In this regard, Raman spectroscopy has been evaluated for its diagnostic potential [19, 20]. In fact, Raman spectroscopy has been used in several applications including for diagnosing cancers, [21] asthma, [22] cornea infection, [23] and osteoarthritis [24]. Several studies have already displayed the potential of Raman spectroscopy to be used for diagnosing AD and other forms of dementia based on blood analysis [9, 25–28]. Furthermore, Raman hyperspectroscopy is advantageous over other techniques used for disease diagnostics due to its ability to produce a spectral “fingerprint” representing the total biochemical composition of the sample and, as such, combining the contribution from several biochemical markers of the disease. Because of this, Raman hyperspectroscopy has the potential to detect changes occurring in biological samples during the onset and progression of a disease.

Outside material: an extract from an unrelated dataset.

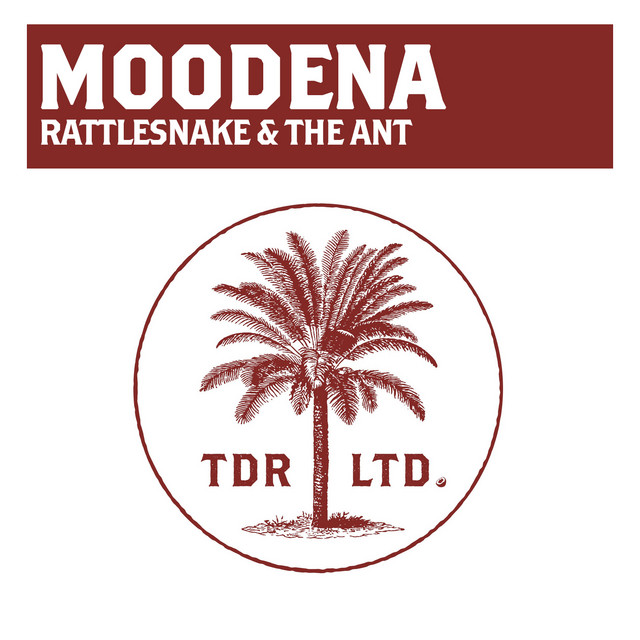 The Rattlesnake & The Ant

This proof-of-concept study focused on understanding the selectivity of Raman hyperspectroscopy in combination with machine learning through the examination of Raman spectral profiles of saliva collected from normative, AD, or mild cognitive impairment (MCI) individuals. Machine learning, sometimes referred to as multivariate statistical methods, were used to generate a classification model that capitalizes on differences between spectral profiles of the three classes, which then was used to diagnose a person with AD or with MCI with high levels of accuracy. Specifically, Artificial Neural Networks (ANN) was used. Furthermore, it was found that feature selection could benefit multivariate analysis by removing irrelevant or redundant variables from a dataset. Thus, Genetic Algorithm (GA) was used as the feature selection technique; the combination of GA with ANN improved the classification model’s performance by achieving deeper understanding of what spectral variables were important as well as by simplifying the model through elimination of irrelevant features of the data set. Ideally, GA should select features in the Raman spectra of saliva that are associated with neurodegeneration-induced dementia. A diagnostic ANN model was built with the purpose of differentiating AD and MCI Raman spectra from spectra of normative donors, and was optimized based on GA-selected spectral features. This novel concept delivers a crucial step toward creating a simple, non-invasive, and accurate method for diagnosing AD.
MATERIALS AND METHODS
Sample collection and preparation
The 39 participants from whom saliva was collected in this study were volunteers selected from the local community; individuals were screened using a battery of neuropsychological assessments to evaluate executive function and overall cognition. The Montreal Cognitive Assessment (MoCA) and Alzheimer’s Disease Assessment Scale (ADAS) Wordlists were used as experimental diagnostic tools to differentiate between MCI, AD, and healthy age- and gender-matched controls. Information regarding the MoCA classification system can be found in Supplementary Material 1.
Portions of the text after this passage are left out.